Thank you all! We can't wait for next year's celebration.
Now, it's Women's History Month! Peep our digital resources, come see our book display and bulletin board, and take the time to celebrate your foremothers' legacies and accomplishments!
More Stats!
How many WOHS students CHOSE to come to the LMC this year?
Pumpin' Mental Iron
Flex Your Creative Muscles in the LMC Makerspace!
Y'know, creative expression is a lot like routine exercise!
It's a boon to the mind and a balm to the body!
It's an essential component of the human experience!
If you haven't found a form of it that brings joy & satisfaction, keep looking!
Also, you're the only person who suffers if you don't do it.
So... Let's get creative!
Here's what's on the docket in the LMC Makerspace over the next few months.
Vegetable and Flower Gardening!
Get down and dirty! (Not really.)
Over the next few months, we're getting seedlings started in the LMC. What's that?
"HOW DO I DO IT?!?"
We hear your cry of woe! Fear not, dear one. It's pretty straightforward.
First, you'll put some dirt in a cup. Then, you'll stick some seeds in the dirt in the cup. Then, you'll carefully tend it for three to six months, bear witness to its evanescent beauty, reap its fruit, mourn its inevitable decline, and ruminate on the cyclical nature of this life.
Block Prints!
What a relief!
What's a block print? In essence, it's just a big stamp. Add your design, cover it in ink, smoosh it on some paper, and voila! You've got yourself a combination of images and words coexisting in perfect harmony.
Back in the day, many creative works, especially sacred texts, were reproduced in this manner.
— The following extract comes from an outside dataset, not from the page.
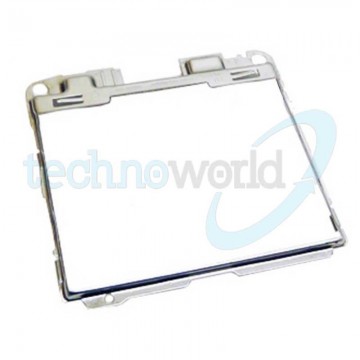 Frame Lcd Nokia 210 Asha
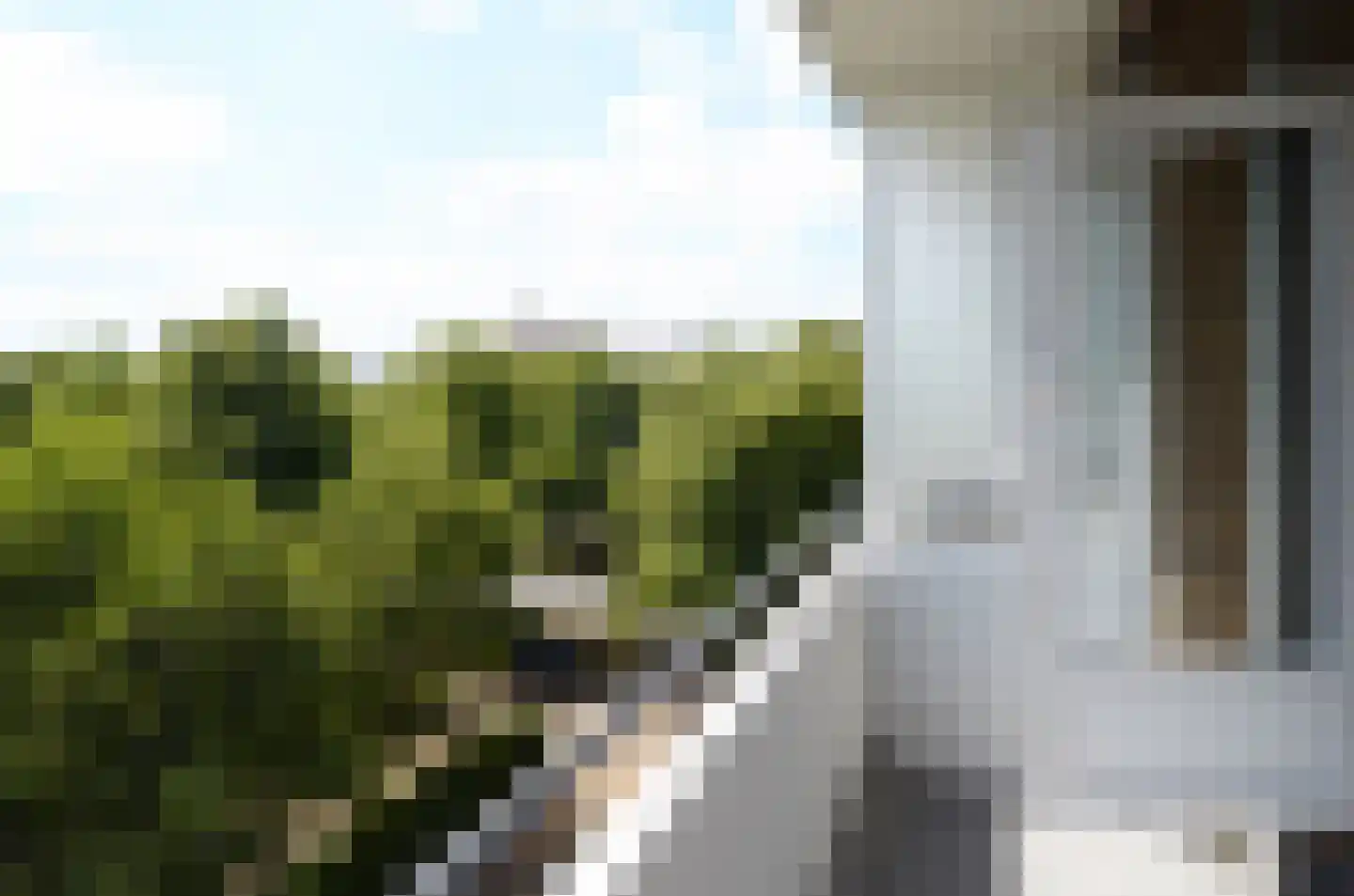 Huis te Landelaan 15 F420 Rijswijk thumbnail 11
An artisan would carve a mirror version of a work into wood or stone to create near-infinite copies of an original.
In the Makerspace, we'll be practicing the same skills, but by carving rubber, which is far easier to manipulate and far less likely to cause bodily harm. Don't miss it!
Poetry Palooza
Blackouts and cut-ups and machine art, oh my!
April is National Poetry Month, and we're celebrating with a litany of expressive activities. From blackout poetry ("erasure" if you're fancy) to cut-ups to AI and other forms of machine art, we'll strike a balance between whimsical and deadly serious as only the finest human artifacts can.
When do WOHS students prefer to visit the LMC?
During the school day, of course (duh). But we're busy EVERY HOUR of EVERY DAY!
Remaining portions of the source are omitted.